**What you need to do**
Transcribe the listing word for word. Begin at its first line and end with the line containing "DOP 4 Draw One Part Level 104".

**Data shown**
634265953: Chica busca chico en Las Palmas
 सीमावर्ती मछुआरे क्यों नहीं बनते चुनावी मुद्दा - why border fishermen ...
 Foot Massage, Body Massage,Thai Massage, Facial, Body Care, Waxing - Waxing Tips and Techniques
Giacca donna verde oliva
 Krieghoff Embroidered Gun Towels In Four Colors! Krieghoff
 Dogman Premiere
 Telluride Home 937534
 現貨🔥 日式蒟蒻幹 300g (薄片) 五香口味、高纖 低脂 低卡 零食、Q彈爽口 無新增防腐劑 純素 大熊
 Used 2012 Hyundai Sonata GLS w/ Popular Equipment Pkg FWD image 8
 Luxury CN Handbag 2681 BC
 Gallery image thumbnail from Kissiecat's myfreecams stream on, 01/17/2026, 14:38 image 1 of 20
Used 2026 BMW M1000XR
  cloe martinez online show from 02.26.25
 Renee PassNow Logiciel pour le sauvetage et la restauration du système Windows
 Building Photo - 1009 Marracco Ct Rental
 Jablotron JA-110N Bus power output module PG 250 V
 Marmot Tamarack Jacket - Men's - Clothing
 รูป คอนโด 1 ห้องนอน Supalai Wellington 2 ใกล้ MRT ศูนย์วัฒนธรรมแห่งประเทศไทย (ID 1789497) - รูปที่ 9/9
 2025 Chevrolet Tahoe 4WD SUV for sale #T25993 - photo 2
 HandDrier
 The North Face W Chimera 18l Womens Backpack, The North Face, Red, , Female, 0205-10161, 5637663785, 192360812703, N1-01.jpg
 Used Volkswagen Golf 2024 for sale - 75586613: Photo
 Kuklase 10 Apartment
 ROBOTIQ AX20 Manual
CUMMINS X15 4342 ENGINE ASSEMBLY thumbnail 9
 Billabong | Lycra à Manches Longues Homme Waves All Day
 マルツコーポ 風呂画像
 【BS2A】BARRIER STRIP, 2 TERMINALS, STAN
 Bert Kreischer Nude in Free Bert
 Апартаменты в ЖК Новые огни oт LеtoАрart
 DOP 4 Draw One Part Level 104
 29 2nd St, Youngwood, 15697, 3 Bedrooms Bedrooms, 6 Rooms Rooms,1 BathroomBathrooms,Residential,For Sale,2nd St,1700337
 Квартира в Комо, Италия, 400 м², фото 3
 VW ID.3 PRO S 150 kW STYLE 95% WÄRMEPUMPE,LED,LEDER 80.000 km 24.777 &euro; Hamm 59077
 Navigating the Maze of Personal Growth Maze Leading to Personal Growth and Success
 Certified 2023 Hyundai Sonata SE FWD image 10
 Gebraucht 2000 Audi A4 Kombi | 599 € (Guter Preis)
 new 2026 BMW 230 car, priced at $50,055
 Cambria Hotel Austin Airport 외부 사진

**Task result**
634265953: Chica busca chico en Las Palmas
 सीमावर्ती मछुआरे क्यों नहीं बनते चुनावी मुद्दा - why border fishermen ...
 Foot Massage, Body Massage,Thai Massage, Facial, Body Care, Waxing - Waxing Tips and Techniques
Giacca donna verde oliva
 Krieghoff Embroidered Gun Towels In Four Colors! Krieghoff
 Dogman Premiere
 Telluride Home 937534
 現貨🔥 日式蒟蒻幹 300g (薄片) 五香口味、高纖 低脂 低卡 零食、Q彈爽口 無新增防腐劑 純素 大熊
 Used 2012 Hyundai Sonata GLS w/ Popular Equipment Pkg FWD image 8
 Luxury CN Handbag 2681 BC
 Gallery image thumbnail from Kissiecat's myfreecams stream on, 01/17/2026, 14:38 image 1 of 20
Used 2026 BMW M1000XR
  cloe martinez online show from 02.26.25
 Renee PassNow Logiciel pour le sauvetage et la restauration du système Windows
 Building Photo - 1009 Marracco Ct Rental
 Jablotron JA-110N Bus power output module PG 250 V
 Marmot Tamarack Jacket - Men's - Clothing
 รูป คอนโด 1 ห้องนอน Supalai Wellington 2 ใกล้ MRT ศูนย์วัฒนธรรมแห่งประเทศไทย (ID 1789497) - รูปที่ 9/9
 2025 Chevrolet Tahoe 4WD SUV for sale #T25993 - photo 2
 HandDrier
 The North Face W Chimera 18l Womens Backpack, The North Face, Red, , Female, 0205-10161, 5637663785, 192360812703, N1-01.jpg
 Used Volkswagen Golf 2024 for sale - 75586613: Photo
 Kuklase 10 Apartment
 ROBOTIQ AX20 Manual
CUMMINS X15 4342 ENGINE ASSEMBLY thumbnail 9
 Billabong | Lycra à Manches Longues Homme Waves All Day
 マルツコーポ 風呂画像
 【BS2A】BARRIER STRIP, 2 TERMINALS, STAN
 Bert Kreischer Nude in Free Bert
 Апартаменты в ЖК Новые огни oт LеtoАрart
 DOP 4 Draw One Part Level 104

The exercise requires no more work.